Captioned web images:
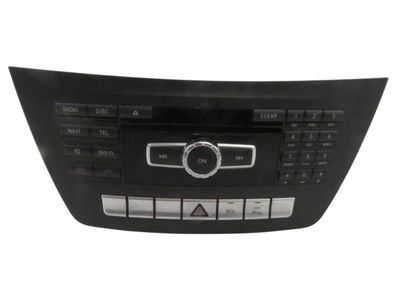 A2049009807 A2049007906 A2049004306 A2049009807 A2049003509 A2049005410 Radio MERCEDES-BENZ CLASSE C (W204) (2007-2013)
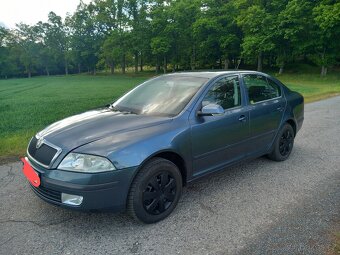 ŠKODA OCTAVIA 1.9 TDI 77KW 2005 BEZ DPF NOVÁ STK - 6
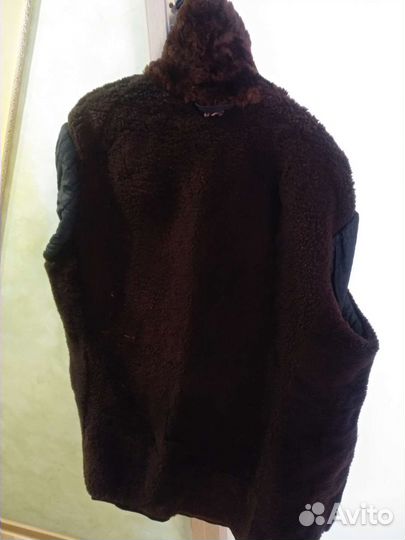 Полушубок мужской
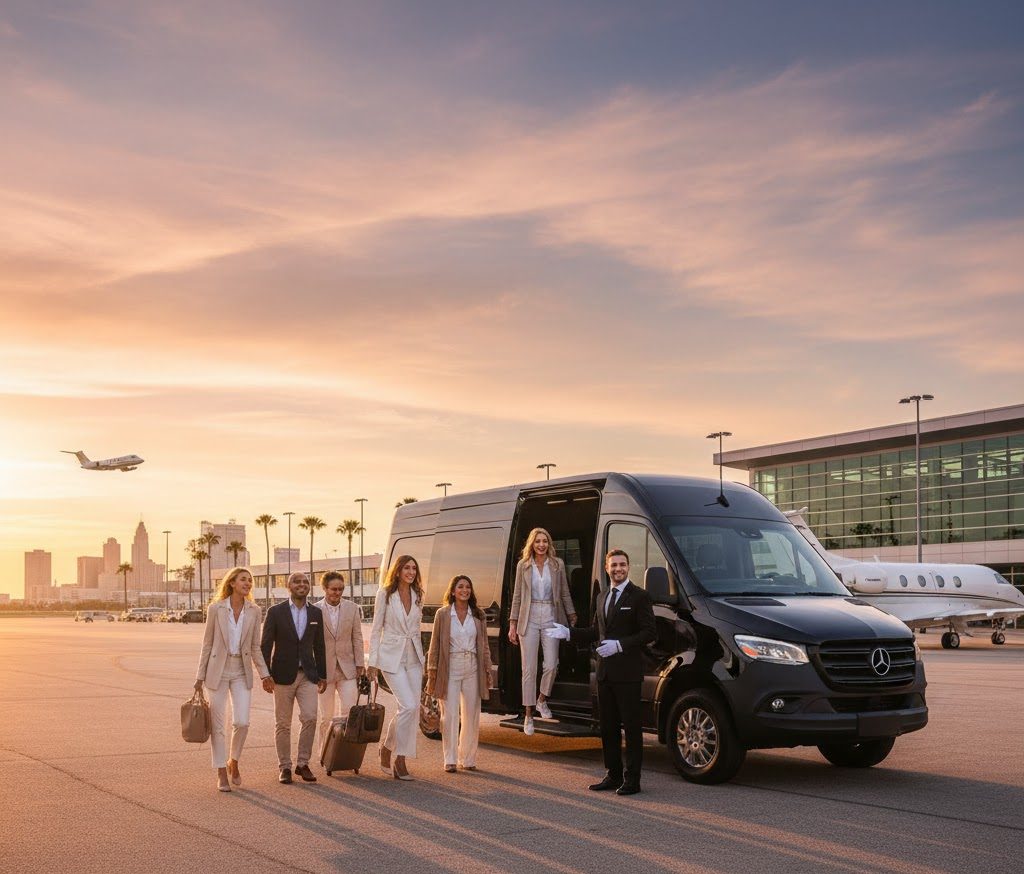 Louisiana Limo Service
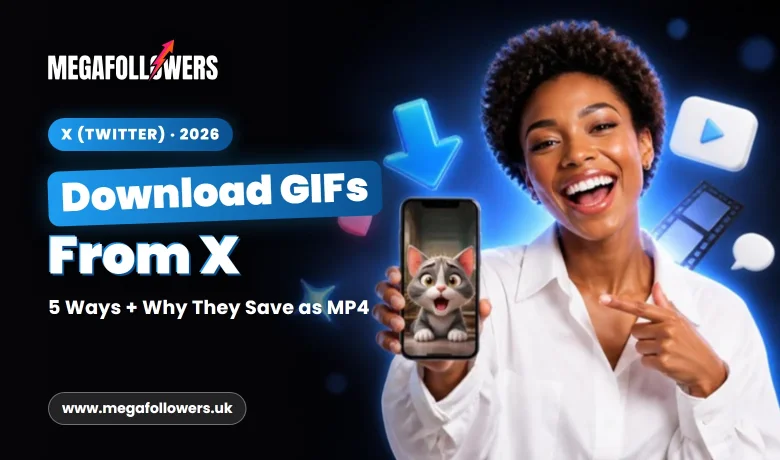 How to Download a GIF From Twitter (X): 5 Ways That Work in 2026 and 2027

WORK INSTRUCTIONS: Leaving every picture out, output the data exactly as it stands.

SOLUTION TO THIS TASK:
 A2049009807 A2049007906 A2049004306 A2049009807 A2049003509 A2049005410 Radio MERCEDES-BENZ CLASSE C (W204) (2007-2013)
 ŠKODA OCTAVIA 1.9 TDI 77KW 2005 BEZ DPF NOVÁ STK - 6
 Полушубок мужской
 Louisiana Limo Service
 How to Download a GIF From Twitter (X): 5 Ways That Work in 2026 and 2027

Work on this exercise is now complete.